First-principles calculation of intrinsic point defects and doping performance of MoSi_(2)N_(4)

新兴二维材料MoSi_(2)N_(4)因其卓越的半导体性能,包括出色的环境稳定性和高载流子迁移率而受到相当多的关注.然而,半导体中的本征缺陷往往不可避免并且会显著影响器件性能.本文使用密度泛函理论计算并分析了MoSi_(2)N_(4)中本征点缺陷的性质及其产生的影响.首先确认了该材料物理性质与目前实验数据的一致性,之后通过计算12种本征缺陷的形成能,发现钼替硅型反位缺陷(Mo_(Si))在所有本征缺陷中占主导地位.在整体电荷保持中性的约束条件下,通过自洽费米能级计算,本文发现仅仅引入本征缺陷的MoSi_(2)N_(4)会表现出本征特征,这体现了其作为半导体器件材料的潜力,然而该本征性质与在生长过程中观察到的二维MoSi_(2)N_(4)的p型特征相矛盾.而在后来的缺陷浓度计算中,发现对于MoSi_(2)N_(4)用适当的杂质进行掺杂,可以实现n型和p型半导体特征,且本征缺陷的补偿效应很弱.这表明在生长过程中MoSi_(2)N_(4)的p型特征可能是由于非平衡生长条件下引入的杂质或硅空位缺陷造成的.本工作不仅展示了MoSi_(2)N_(4)在半导体器件应用上的潜力,还为未来该材料缺陷机理的研究提供了数据支撑.

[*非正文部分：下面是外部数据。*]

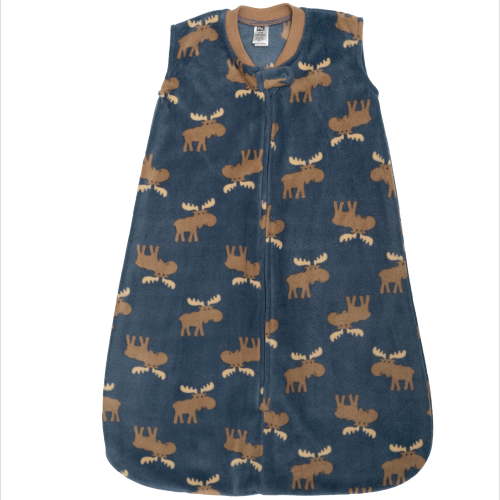 Hudson Baby Infant Boys Fleece Sleeping Bag, Sack, Blanket, Blue Moose, 6-12 Months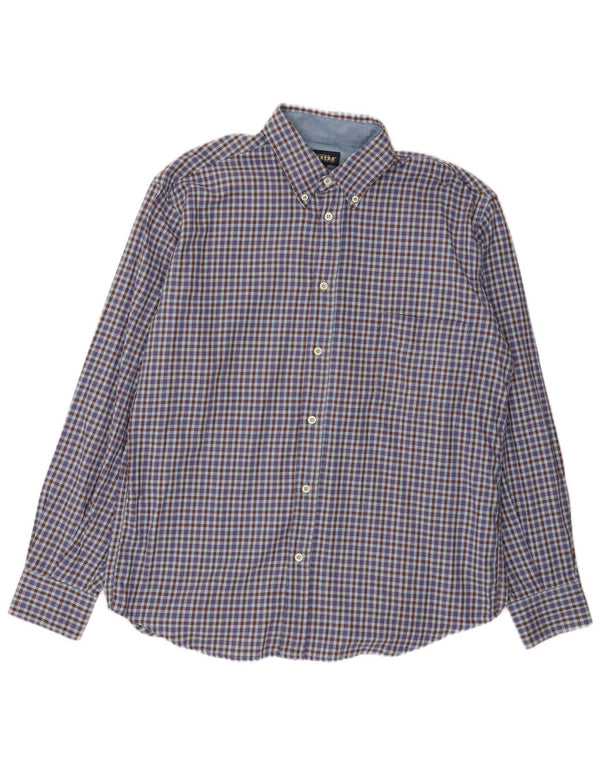 Carrera Chemise Regular Fit en Flanelle pour Homme en Coton Vichy Bleu Large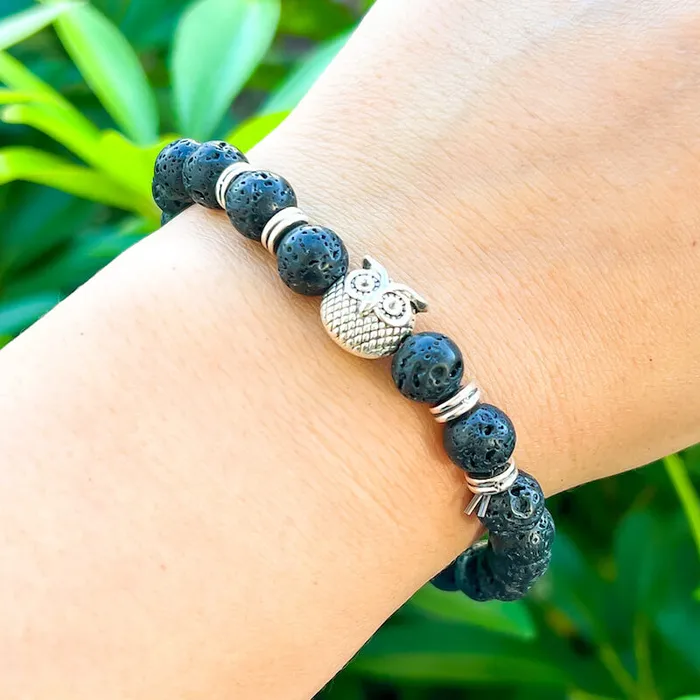 Magic Crystals Lava Stone Natural Beaded Bracelet Bracelets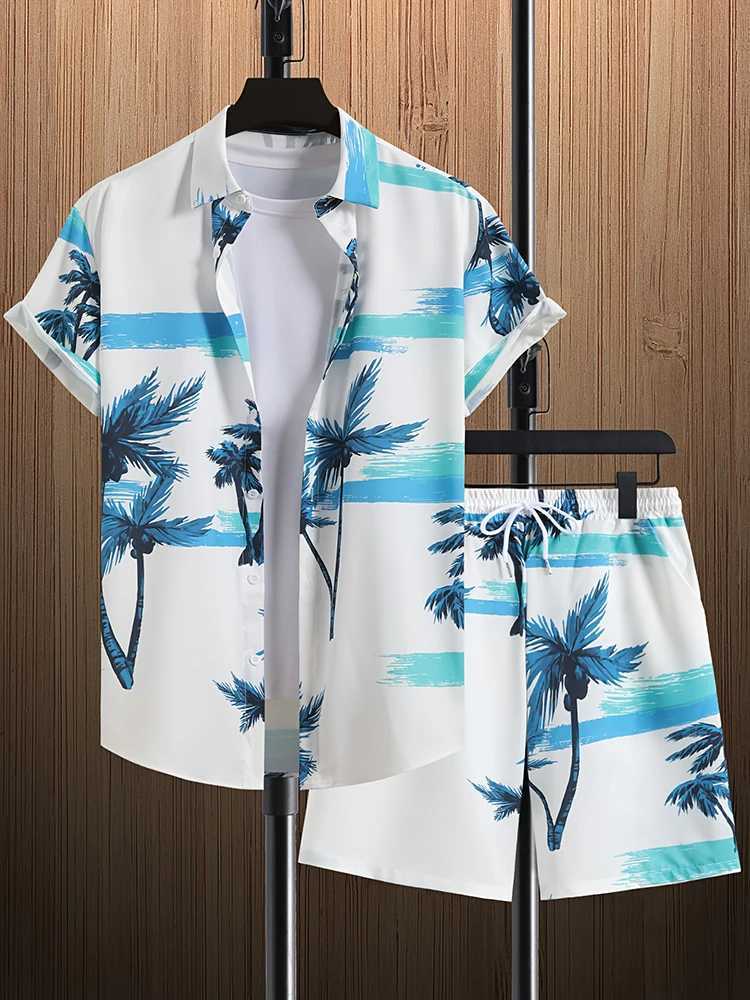Coconut Tree Print Mens Short Sleeve Shirt And Beach Shorts Set Summer Everyday Mens Casual Shirt Hawaiian Style Mens Shorts W250609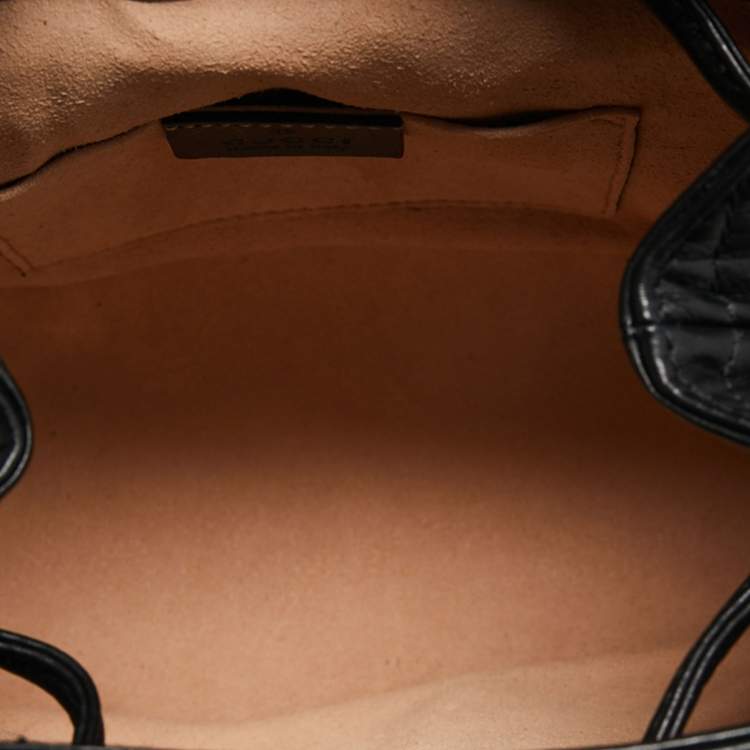 Pre Owned Gucci Black Matelassé Leather GG Marmont Backpack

MoSi_(2)N_(4) is an emergent two-dimensional(2D)material,which has received much attention because of its excellent performance over semiconductors,including excellent environmental stability and high carrier mobility.However,the formation of intrinsic defects in semiconductors is often inevitable and can significantly affect device performance.By using density functional theory(DFT),we analyze the properties and effects of intrinsic point defects in MoSi_(2)N_(4).We first confirm the consistency of our results with current experimental data.After that,the formation energy values of twelve native defects reveal that the antisite defect of molybdenum substituting for silicon(Mo_(Si))defect dominates in all intrinsic defects.Under the constraint of overall charge neutrality,self-consistent Fermi level calculations reveal that MoSi_(2)N_(4) with only intrinsic defects exhibits intrinsic characteristics,highlighting its potential as a semiconductor device material.However,this intrinsic nature contradicts the p-type characteristics observed in two-dimensional MoSi_(2)N_(4).In the subsequent defect concentrations,we find that both n-type and p-type behavior can be easily realized by doping appropriate impurities without being compensated by native defects.This suggests that the p-type characteristics of MoSi_(2)N_(4) during growth may result from p-type impurities introduced under non-equilibrium growth conditions or silicon vacancy defects.Our findings not only demonstrate the potential applications of MoSi_(2)N_(4) in semiconductor devices but also provide valuable guidance for future studying the defect mechanisms of this material.